* **DATA SHOWN**
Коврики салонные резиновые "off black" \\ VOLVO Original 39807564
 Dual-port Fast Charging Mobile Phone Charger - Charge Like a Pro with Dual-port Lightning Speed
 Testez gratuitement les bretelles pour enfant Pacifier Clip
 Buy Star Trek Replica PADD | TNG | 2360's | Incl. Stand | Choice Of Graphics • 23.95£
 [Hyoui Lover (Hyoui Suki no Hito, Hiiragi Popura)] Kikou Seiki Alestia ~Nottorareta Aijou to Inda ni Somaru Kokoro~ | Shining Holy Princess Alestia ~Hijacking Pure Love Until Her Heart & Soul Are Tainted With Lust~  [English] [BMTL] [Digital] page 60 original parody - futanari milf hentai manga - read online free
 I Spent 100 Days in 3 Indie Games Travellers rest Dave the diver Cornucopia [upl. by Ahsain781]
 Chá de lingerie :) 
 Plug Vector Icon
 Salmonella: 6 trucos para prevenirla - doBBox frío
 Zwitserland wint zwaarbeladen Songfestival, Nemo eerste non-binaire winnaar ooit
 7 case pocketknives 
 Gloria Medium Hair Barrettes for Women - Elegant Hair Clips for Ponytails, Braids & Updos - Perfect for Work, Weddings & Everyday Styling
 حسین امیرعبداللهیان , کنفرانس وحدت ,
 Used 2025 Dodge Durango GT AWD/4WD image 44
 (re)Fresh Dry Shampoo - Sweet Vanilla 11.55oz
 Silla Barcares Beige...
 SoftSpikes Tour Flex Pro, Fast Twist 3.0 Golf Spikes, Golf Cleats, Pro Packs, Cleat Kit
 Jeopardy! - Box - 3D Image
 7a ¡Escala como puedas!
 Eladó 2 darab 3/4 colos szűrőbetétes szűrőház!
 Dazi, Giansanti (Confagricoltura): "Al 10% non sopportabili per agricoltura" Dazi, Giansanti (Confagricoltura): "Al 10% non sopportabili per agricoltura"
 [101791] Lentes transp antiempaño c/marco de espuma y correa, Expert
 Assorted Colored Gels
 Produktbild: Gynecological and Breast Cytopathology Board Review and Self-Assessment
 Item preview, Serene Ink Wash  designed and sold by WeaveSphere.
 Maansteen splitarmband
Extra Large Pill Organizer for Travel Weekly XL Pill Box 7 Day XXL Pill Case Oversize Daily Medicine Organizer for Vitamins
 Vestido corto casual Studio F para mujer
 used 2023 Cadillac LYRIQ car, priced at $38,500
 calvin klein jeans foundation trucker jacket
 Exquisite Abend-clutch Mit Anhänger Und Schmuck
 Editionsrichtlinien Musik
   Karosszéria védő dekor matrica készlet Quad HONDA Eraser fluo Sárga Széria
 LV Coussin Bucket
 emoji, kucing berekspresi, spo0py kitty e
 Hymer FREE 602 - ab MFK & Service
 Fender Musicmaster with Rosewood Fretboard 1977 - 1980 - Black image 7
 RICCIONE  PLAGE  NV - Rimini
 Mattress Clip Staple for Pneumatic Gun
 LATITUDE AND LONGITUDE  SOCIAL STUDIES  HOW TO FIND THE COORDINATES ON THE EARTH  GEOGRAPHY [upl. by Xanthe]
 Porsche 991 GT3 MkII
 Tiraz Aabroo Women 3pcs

* **PROBLEM**
This exercise calls for the lines from the one holding "emoji, kucing berekspresi, spo0py kitty e" through the end of the entries, transcribed exactly and with nothing more.

* **EXPECTED OUTPUT**
 emoji, kucing berekspresi, spo0py kitty e
 Hymer FREE 602 - ab MFK & Service
 Fender Musicmaster with Rosewood Fretboard 1977 - 1980 - Black image 7
 RICCIONE  PLAGE  NV - Rimini
 Mattress Clip Staple for Pneumatic Gun
 LATITUDE AND LONGITUDE  SOCIAL STUDIES  HOW TO FIND THE COORDINATES ON THE EARTH  GEOGRAPHY [upl. by Xanthe]
 Porsche 991 GT3 MkII
 Tiraz Aabroo Women 3pcs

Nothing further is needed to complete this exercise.